**Directions for this task**. Nothing outside the stretch is wanted. Repeat exactly the lines of the listing below from the one that contains "존스 POLYMO TOUR 17G 폴리원통형 테니스 스트링, 그레이, 1개" through the one that contains "Jersey Skirt with Leather Waistban", both ends included.

**Data extract**.
=== Section Start ===
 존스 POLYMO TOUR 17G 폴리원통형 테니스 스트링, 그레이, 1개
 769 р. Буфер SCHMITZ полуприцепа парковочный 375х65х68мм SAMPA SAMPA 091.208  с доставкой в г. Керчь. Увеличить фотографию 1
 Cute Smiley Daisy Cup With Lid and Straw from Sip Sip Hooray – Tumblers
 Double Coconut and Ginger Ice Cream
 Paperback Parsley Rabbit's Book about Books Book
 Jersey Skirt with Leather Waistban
=== Section End ===
=== Section Start ===
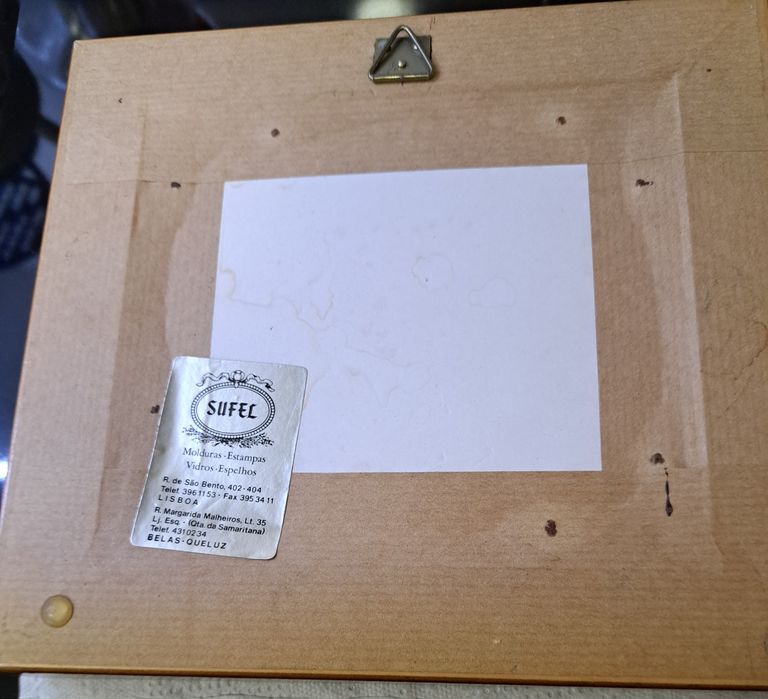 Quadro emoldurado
=== Section End ===
=== Section Start ===
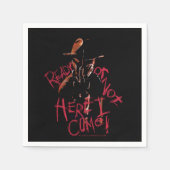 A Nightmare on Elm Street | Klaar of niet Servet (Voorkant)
=== Section End ===
**Response to the exercise**.
 존스 POLYMO TOUR 17G 폴리원통형 테니스 스트링, 그레이, 1개
 769 р. Буфер SCHMITZ полуприцепа парковочный 375х65х68мм SAMPA SAMPA 091.208  с доставкой в г. Керчь. Увеличить фотографию 1
 Cute Smiley Daisy Cup With Lid and Straw from Sip Sip Hooray – Tumblers
 Double Coconut and Ginger Ice Cream
 Paperback Parsley Rabbit's Book about Books Book
 Jersey Skirt with Leather Waistban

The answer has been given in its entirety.